The NY Pie Story & Greg Meyer…Greg grew up in New Jersey working as a teenager in pizzerias with first generation Italians who grew up in New York.  In both New York and New Jersey, Greg learned tricks of the trade like making fresh dough and sauce.

After several persistent requests from Greg, his first mentor told him that he could have a job as soon as he was tall enough to see over the counter.  Thankfully, Greg had tall genes….at 12 and 13, the jobs were not so glorious as he assembled pizza boxes from flat pieces of cardboard and cleaned the restrooms [for those of you that have 12 year olds, can you imagine just how clean those restrooms were?]  From there, he learned to make dough from scratch, hand-toss the dough, make the sauce, and finally make signature New York pizza.

Over the years, Greg developed his own Italian recipes and “secrets” into what is now “NY Pie”.  New York pizza has fairly specific traits — a thin and crispy crust, the right amount of quality sauce (not too much so that you can taste the flavor!!) and premium cheese.
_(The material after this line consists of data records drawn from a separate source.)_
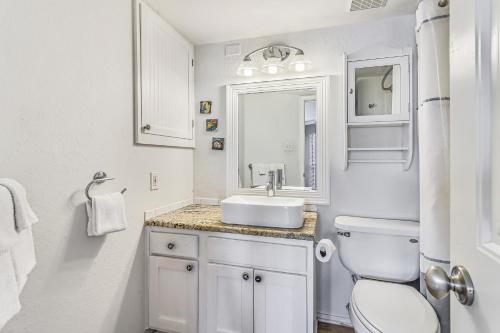 Baño blanco con lavabo y aseo en Casa Del Sol, en Padre Island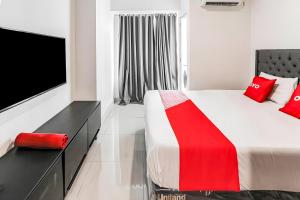 a bedroom with a large bed with red pillows at Fortune 88 Kamala Lagoon Reception at Indomaret and White Forest in Bekasi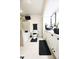 Modern bathroom features a double vanity, black fixtures, and a separate tub at 3401 W Kessler Blvd N Dr, Indianapolis, IN 46222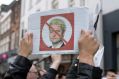 A protester shows his opposition to far-right Dutch politician Geert Wilders as he campaigns in Heerlen.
What Makes NY Pie Real New York Pizza?

  1. Fresh home-made dough prepared from scratch fresh daily – no frozen dough here
  2. Dough hand-tossed to a thin, even crust (it’s harder than it looks!)
  3. Brick ovens – from pizza peel to oven – no conveyor belt ovens and no screens
  4. Fresh sauce made daily from imported Italian tomatoes
  5. Premium grade cheese
  6. Experience!!!
  7. Love for the Art

Today, Greg and his wife Jessica  have two beautiful girls who were born in 2002 and 2007 – Holly and Naomi. Holly aspires to be famous and Naomi thinks whatever Holly does is cool.

NY Pie is Greg’s 3rd pizzeria, but the first in Nashville. Greg sold the other two places when he moved South. Greg loves Nashville– the people and the city – as much as we all love the perfect slice of pizza.